L’Empereur et le Guru poursuivirent leur marche vers Burhanpur, sur la rivière Tapti. Les habitants y avaient préparé une maison pour le Guru, où il séjourna quelque temps. Un saint homme vint lui rendre visite et lui dit : « Ô Guru, j’étais présent avec ton père sur les rives du Brahmapoutre lors de ta naissance à Patna. Il a dit que tu voyagerais ensuite vers le sud de l’Inde. La prophétie s’étant accomplie, je suis venu te rencontrer et t’accueillir. » Il offrit ensuite au Guru un accueil chaleureux.

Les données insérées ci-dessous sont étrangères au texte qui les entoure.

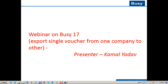Hello friends, my name is Kamal Yado. I'm here with another webinar on BG17. Today we are going to cover a feature newly incorporated in BG17 — that is the export of a single voucher from one company to another company. This feature is quite useful in today's business world.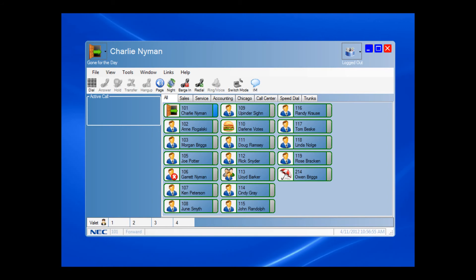A quick check back shows that my presence has been updated. I am gone for the day and you can see that my phone is forwarded.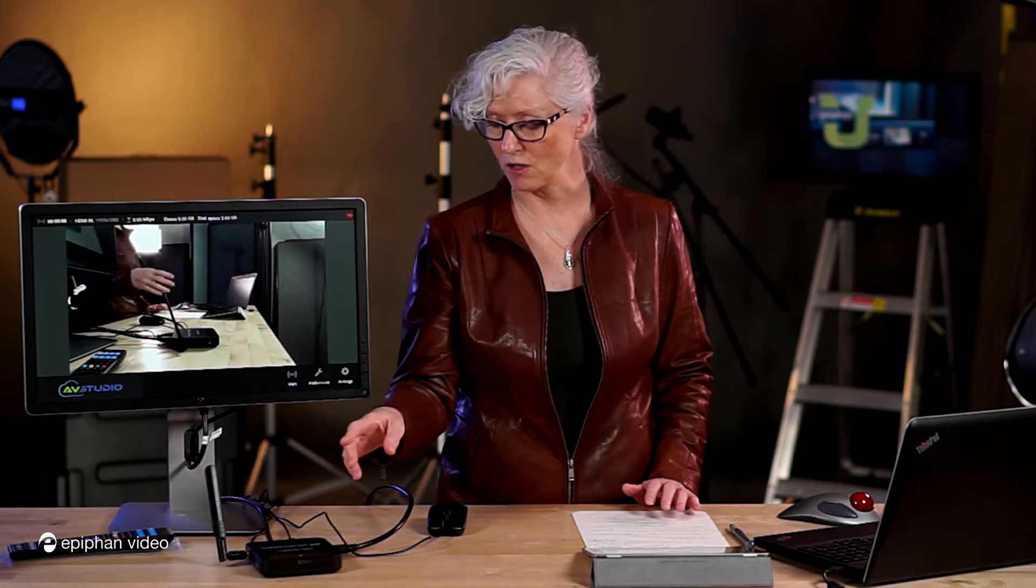The first thing you're going to want to do is choose a platform. Of course there's Facebook, YouTube, Twitch or AV Studio. There's multiple platforms. So the first thing we're going to do is choose a platform. Now there's two ways to do that.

L’empereur poursuivit son voyage et laissa le gourou à Burhanpur. Quelques jours plus tard, l’empereur lui écrivit de le rejoindre, et il accéda à sa requête. Tous deux se dirigèrent ensuite vers Puna, puis vers Nander, sur les rives de la rivière Godavari, dans l’actuel État de Haidarabad, à environ deux cent cinquante kilomètres au nord-ouest de sa capitale.